La semaine dernière, je passais quelques jours à Baie-Saint-Paul, chez mes parents. Nous étions assis dehors, le vent battait la maison, nous nous étions fait un feu, les chiens dormaient, l’air sentait bon. Nous parlions de vacances passées au Nouveau-Brunswick il y a des décennies et ma mère tentait tant bien que mal de me remémorer un lieu qui ne me revenait pas en tête. (J’avais 8 ans quand nous y sommes allés: disons-le, c’est un voyage assez lointain dans ma pensée). Pour m’aider à m’en souvenir, elle m’a dit ceci (je paraphrase):

Mais oui, tu te souviens, c’est là où nous avions fait un grand trou dans le sable pour faire une soupe de méduses. Il y en avait tellement que vous ne pouviez pas vous baigner tes soeurs et toi: il fallait trouver un jeu pour vous occuper. On a passé la journée à «cuisiner» des méduses.

Le fait est que je ne garde aucun souvenir de ce moment. Aucun. J’essaie de convoquer les images, j’essaie de me rappeler de la journée, du sable, du trou, des méduses, de mes soeurs, du paysage, bref, de quelque chose, n’importe quoi, mais je ne me souviens pas.

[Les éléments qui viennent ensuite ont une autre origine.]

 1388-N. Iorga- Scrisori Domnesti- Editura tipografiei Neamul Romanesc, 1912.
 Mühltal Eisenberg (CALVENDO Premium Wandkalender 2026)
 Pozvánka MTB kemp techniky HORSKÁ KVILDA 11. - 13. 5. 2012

Et c’est là que ça devient fascinant!

Je l’ai déjà écrit: je m’interroge souvent sur la manière qu’ont les idées de surgir, de se mettre en place.

En 2017, j’écrivais ceci, dans Le Corps des bêtes.

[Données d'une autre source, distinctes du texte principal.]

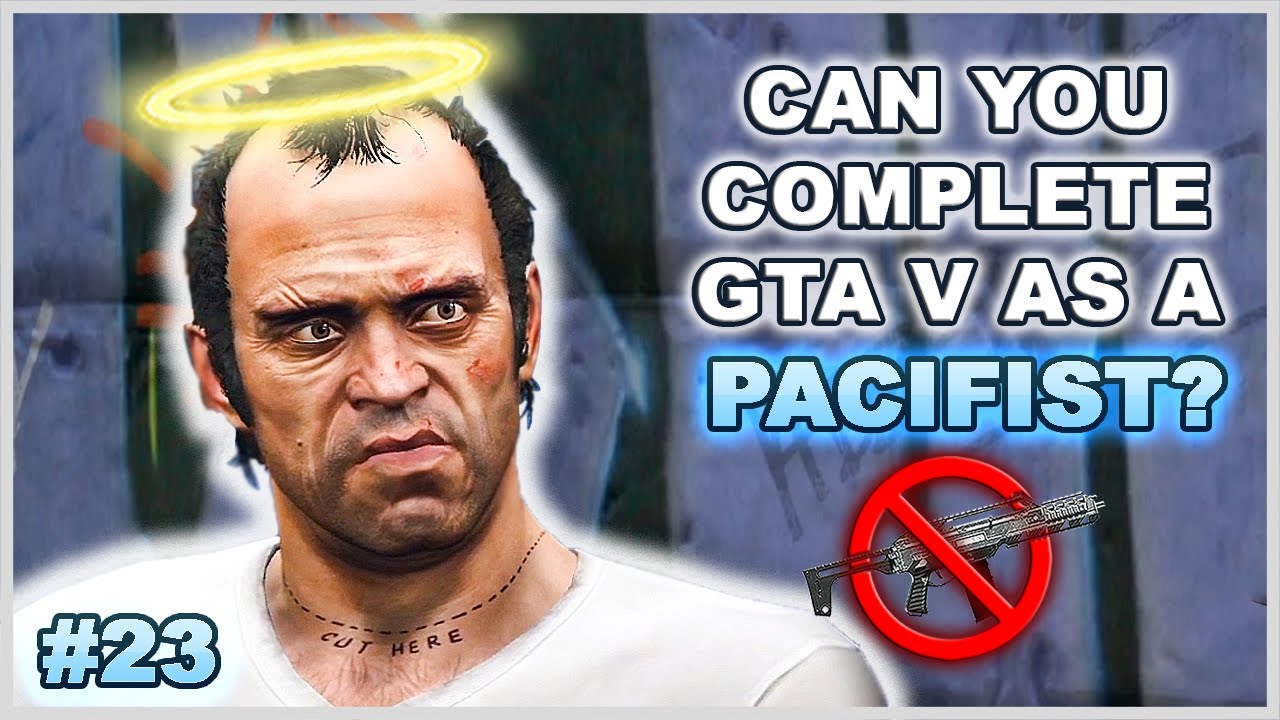 Can You Complete GTA 5 Without Wasting Anyone? - Part 23 (Pacifist Challenge)
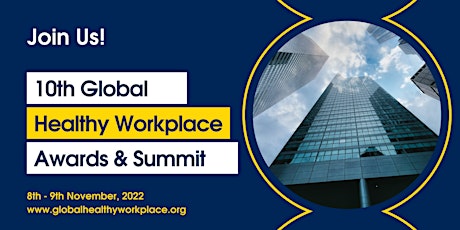 Primaire afbeelding van 10th Global Healthy Workplace Awards and Summit
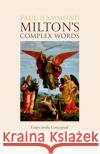 Milton's Complex Words: Essays on the Conceptual Structure of Paradise Lost Prof Paul (Professor of Seventeenth-Century English Literature, Professor of Seventeenth-Century English Literature, Uni 9780198891918 Oxford University Press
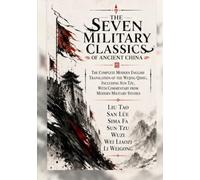 The Seven Military Classics of Ancient China: The Complete Modern English Translation of the Wujing Qishu, Including Sun Tzu, with Commentary from Modern Military Studies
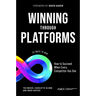 Winning Through Platforms: How to Succeed When Every Competitor Has One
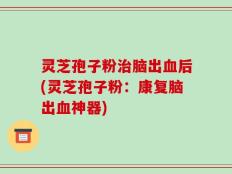 灵芝孢子粉治脑出血后(灵芝孢子粉：康复脑出血神器)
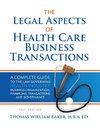 Legal Aspects of Health Care Business Transactions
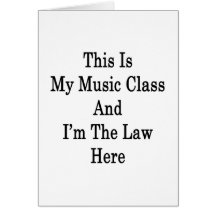 This Is My Music Class And I'm The Law Here Greeting Card
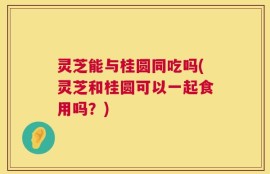 灵芝能与桂圆同吃吗(灵芝和桂圆可以一起食用吗？)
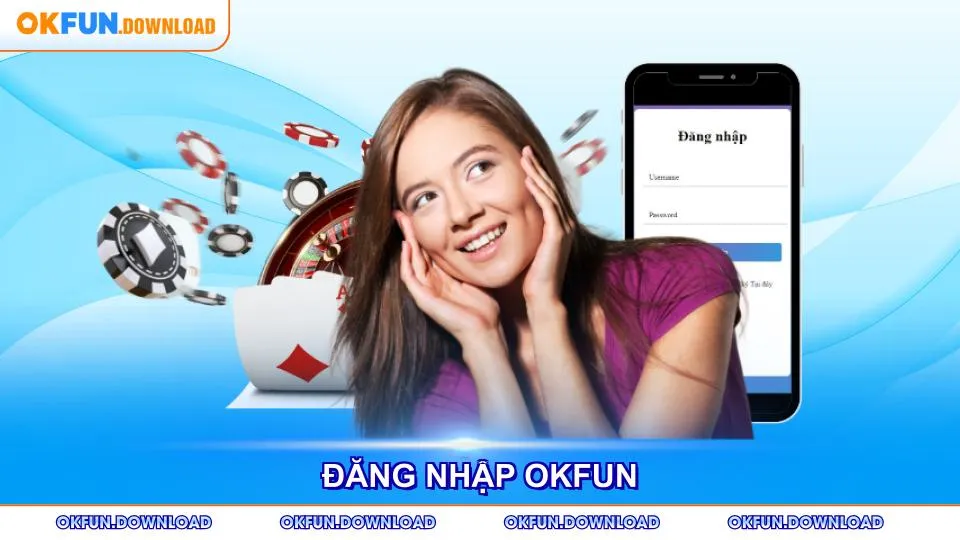 Hướng Dẫn Đăng Nhập OKFUN
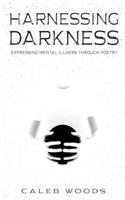 Harnessing Darkness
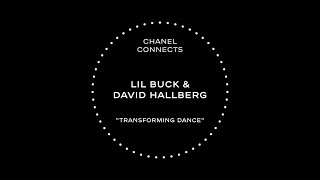 CHANEL Connects - Season 2, episode 3 - Lil Buck & David Hallberg discuss Transforming Dance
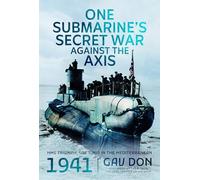 One Submarine's Secret War Against the Axis: Hms Triumph, Soe and Mi9 in the Mediterranean, 1941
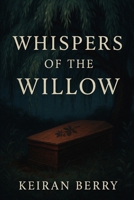 Whispers of the Willow (The Devil’s Garden) B0FMRTR36W Book Cover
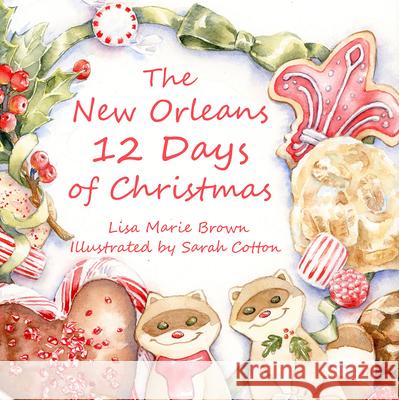 The New Orleans Twelve Days of Christmas Lisa Brown Sarah Cotton 9781455624539 Pel - książka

Elle a une façon erratique de meubler les heures, elle consacre ses journées à des tâches vaines. La voici, par exemple, qui transporte des seaux près des vagues. Elle les remplit des méduses qui se sont échouées sur la berge, puis les entasse à l’ombre des bouleaux, tout à côté de la maison.

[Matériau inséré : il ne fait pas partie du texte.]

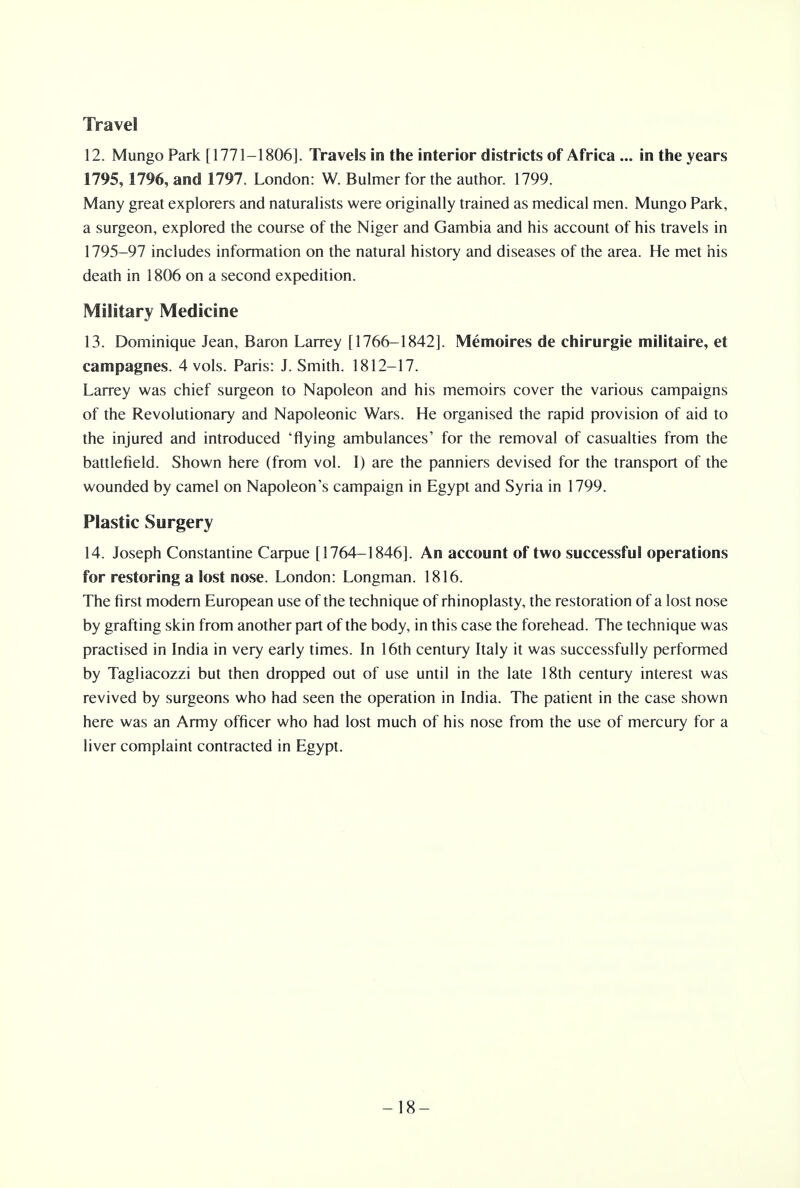 Travel 12. Mungo Park [1771-1806]. Travels in the interior districts of Africa ... in the years 1795, 1796, and 1797. London: W. Bulmer for the author. 1799. Many great explorers and naturalists were originally trained as medical men. Mungo Park, a surgeon, explored the course of the Niger and Gambia and his account of his travels in 1795-97 includes information on the natural history and diseases of the area. He met his death in 1806 on a second expedition. Military Medicine 13. Dominique Jean, Baron Larrey [1766-1842]. Memoires de chirurgie militaire, et campagnes. 4 vols. Paris: J. Smith. 1812-17. Larrey was chief surgeon to Napoleon and his memoirs cover the various campaigns of the Revolutionary and Napoleonic Wars. He organised the rapid provision of aid to the injured and introduced 'flying ambulances' for the removal of casualties from the battlefield. Shown here (from vol. I) are the panniers devised for the transport of the wounded by camel on Napoleon's campaign in Egypt and Syria in 1799. Plastic Surgery 14. Joseph Constantine Carpue [1764-1846]. An account of two successful operations for restoring a lost nose. London: Longman. 1816. The first modern European use of the technique of rhinoplasty, the restoration of a lost nose by grafting skin from another part of the body, in this case the forehead. The technique was practised in India in very early times. In 16th century Italy it was successfully performed by Tagliacozzi but then dropped out of use until in the late 18th century interest was revived by surgeons who had seen the operation in India. The patient in the case shown here was an Army officer who had lost much of his nose from the use of mercury for a liver complaint contracted in Egypt. -18-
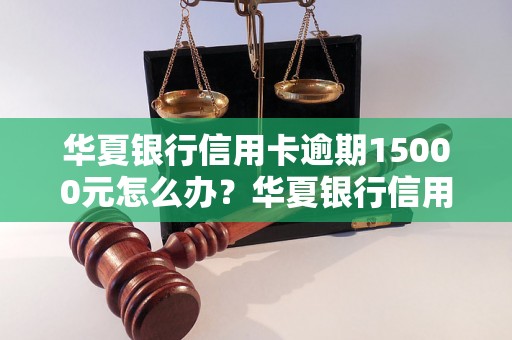 华夏银行信用卡逾期15000元怎么办？华夏银行信用卡逾期处理攻略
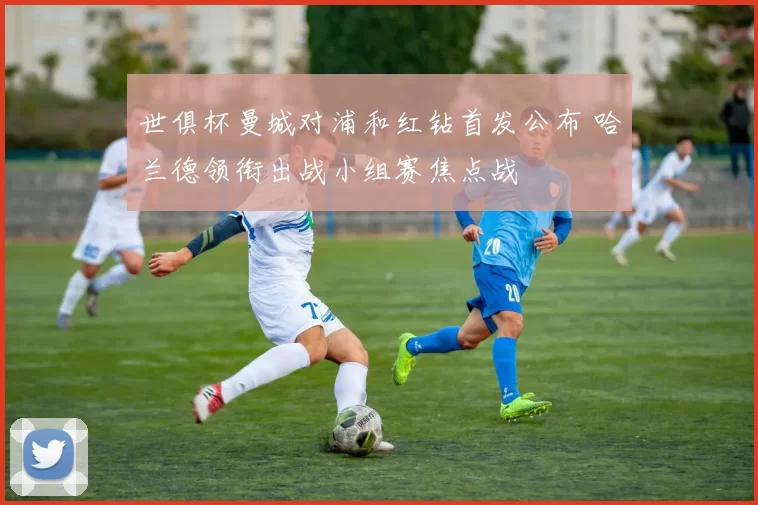 世俱杯曼城对浦和红钻首发公布 哈兰德领衔出战小组赛焦点战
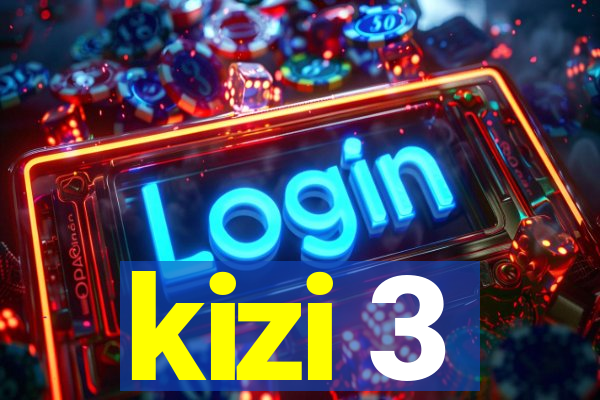 kizi 3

Le Corps des bêtes, Leméac, p.19-20.

Et encore ceci.

C’est le vent qui entraîne Noé du côté de la mer. Pendant les tempêtes, des bancs de méduses sont charriés par la houle, ils s’échouent sur les berges qui cernent le phare. Le lendemain, Noé descend le sentier de sa cabane, elle glisse ses doigts sur les foins secs qui bordent le chemin, pose les pieds dans le sable et y enfonce ses orteils. Les rafales la poussent ; elle enroule ses mains dans le repli de ses jupes, elle attrape les méduses, une à une ou par paquets, elle les accumule dans des chaudières d’eau salée et les apprête plus tard, en grillades sur des feux de branchages.

Idem, p.47.

Et enfin cela.

Noé se réapproprie la plage, elle cueille les méduses et les engrange dans des seaux. Mie creuse ses empreintes, elle marche dans les pas de sa mère un moment, puis elle se laisse tomber par terre, Osip regarde la petite fille étendue sur la grève, mais vite il retourne à sa femme, géante découpée dans la brume. Noé se penche. Noé se relève. Noé ramasse les méduses comme la Vieille, les champignons. Les chaudières battent ses cuisses à chaque pas, l’eau coule sur ses jupes et colle le linge contre sa peau.

Idem, p.118.

Je répète: malgré tous mes efforts (et ça fait une semaine que je me casse la tête avec ça), je ne me souviens plus du tout de cette fameuse soupe aux méduses qui a occupé une pleine journée de mon enfance. Je le voudrais de tout mon coeur, mais elle ne me revient pas. Pourtant cette mémoire, de toute évidence, ne m’a pas quittée, pas complètement, puisque j’ai écrit la scène à trois reprises dans un roman, vingt ans plus tard.

Non seulement j’écris sur les méduses, mais depuis des décennies, j’en dessine partout. Cette linogravure, très peu réussie, c’est le tout premier test que j’ai fait, en me remettant à la gravure.

C’est la première fois que je parviens à observer de manière si claire la manière qu’a mon cerveau d’absorber le réel, de m’en imprégner, puis de l’oublier avant qu’il resurgisse sur une tout autre forme. Je savais déjà que la fiction nait en moi d’un contact biaisé avec le réel, mais je n’avais pas réussi à l’observer de manière si tangible, si concrète. Le phénomène m’émerveille, car j’ai l’impression de toucher là au plus près du surgissement idées, et de m’approcher du fonctionnement de ma créativité. J’imagine cependant que cela se construit de manière très différente chez les autres, et je serais curieuse de lire vos expériences sur le sujet.